Os detratores do cineasta português Manoel de Oliveira, recentemente
falecido, podem dizer o que quiserem dos seus filmes, mas pelo menos uma coisa
eles terão de reconhecer: pode-se perceber em grande parte de sua obra um traço
autoral muito particular, como se todas essas produções habitassem um universo à
parte daquilo que tem aparecido nos cinemas nos últimos tempos. “O Gebo e a
Sombra” (2012), seu derradeiro trabalho, pode não ser a sua obra-prima, mas tem
o inegável mérito de ser uma eficiente síntese de suas obsessões formais e temáticas.

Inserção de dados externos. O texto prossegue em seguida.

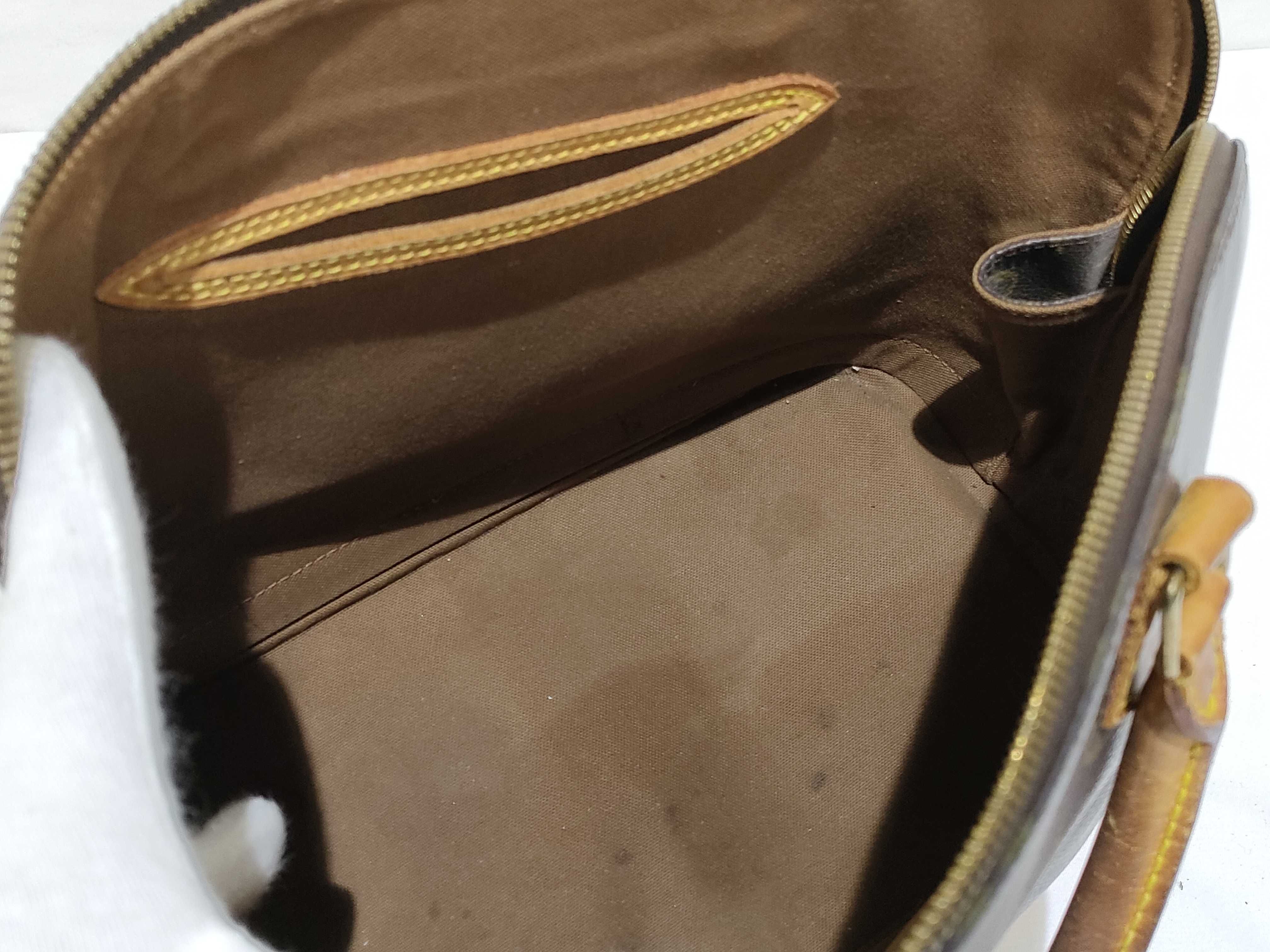 Monogram LV Alma Handbag — view 9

A narrativa se configura dentro de uma encruzilhada em que se batem elementos
de literatura e cinema. Esse choque faz com que a linguagem estética adquira um
estranho caráter mestiço. Oliveira abdica do naturalismo, mas isso não quer
dizer que a trama habite um plano delirante ou onírico. Sua encenação seca e
precisa enfatiza a beleza rigorosa do texto literário que serviu de base ao
filme, sem deixar também de valorizar a encanto de uma composição visual
detalhista e estilizada. As interpretações do elenco se mostram em sintonia com
as concepções artísticas do cineasta, num misto de declamações que beiram o poético
e de um desconcertante distanciamento emocional. Os métodos de Oliveira de
filmar e editar são radicais na idealização e execução, exigindo do espectador
uma forte abstração para poder penetrar nessa dimensão sensorial diferenciada. O
resultado, por vezes, é recompensador para quem se dispor a embarcar nessa
viagem audiovisual típica do diretor luso.